Gee, tough decision!;)


I'm not trying to knock the Associations, but if they want turnout, they've got to piggyback with a bigger draw.

----------


## wmcdonald

While I am hearing you on location, I belive it was based on the outstanding venue and central point for many. Opticians now have their own national, unified conference, and I humbly ask you to consider supporting this concept. Many here pontificate loudly about support for Opticianry.....wll here is your chance! I will be there and encourage any of you who is considering it to please attend.

Warren

----------


## Fezz

Warren,

Hopefully we will be able to meet up!

Drinks are on me!*


*Unless you are Harry Chiling, OptiDonn, or Ziggy!

;):cheers::D:cheers::p

----------


## wmcdonald

I'm there, and will look forward to it. 

Warren

----------


## Senorwes1

I think one major factor hindering registration is the cost.  Business is down and people aren't spending money.  The registration fee, hotel, airfare, etc. will be over a $1,000 for most people, unless you live in Ohio or a neighboring state.  I would love to attend but can't afford it right now.  I am saving money to go to SECO in Atlanta in March 2009.

----------


## Johns

> While I am hearing you on location, I belive it was based on the outstanding venue and central point for many. Opticians now have their own national, unified conference, and I humbly ask you to consider supporting this concept.  
> Warren


Warren, I have and od support opticianry, especially when it comes to unification (which when it comes to Ohio, you don't even want to get me started).  And yes, I am currently active in this project, on a state level.

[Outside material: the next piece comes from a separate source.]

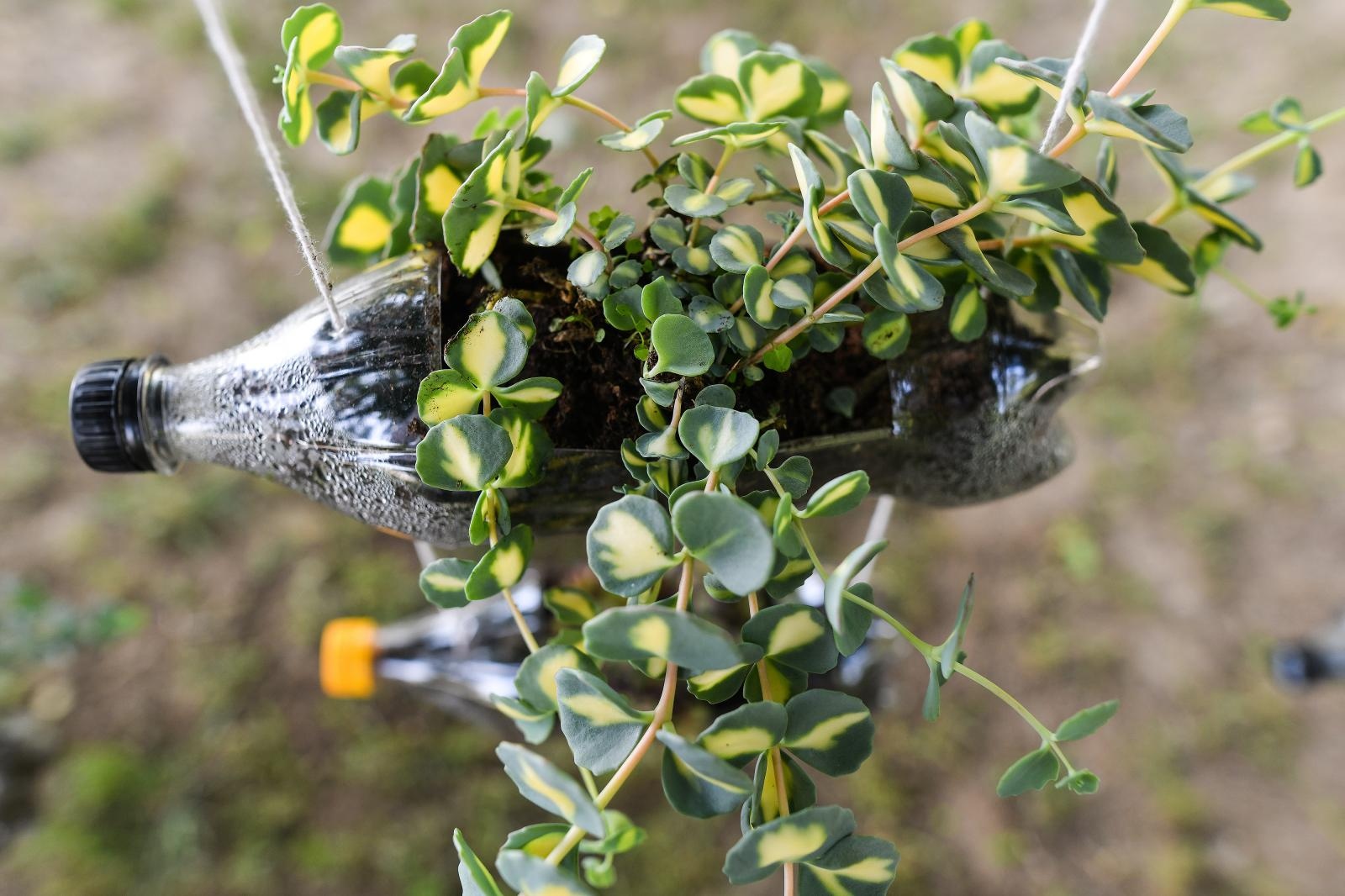 Pogledajte cvijetne fantazije na 53. Floraartu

What I was refering to was that the most popular events seem to be one-stop shopping for entire offices.  An event where the OD and staff can arrive together, split up and go to their particular seminars, meet for BIG time buying, and get it all accomplished for a decent price.  Even some of the OD shows struggle because the vendors don't see the value in a limited audience.

When you sit in on an optician CEU, and talk to the opticians sitting around you, it becomes readily apparent that a majority of them (the state's mailing list proves it) work for chains, and have no buying/decision making power.  When I was a regular vendor (frames) at the state and national level, and it didn't take long to figure out that it wasn't worth it to exhiibit. Confererences like this need the support of exhibiters to survive.  I'm sure that many of them would be much happier making a donatinon to the local associations fo lobbying efforts and call it a day.  Add to that the rumor that the last of of the big supporters of opticianry (Marchon) is being purchased by a company that tries to destroy us.  There goes another ally...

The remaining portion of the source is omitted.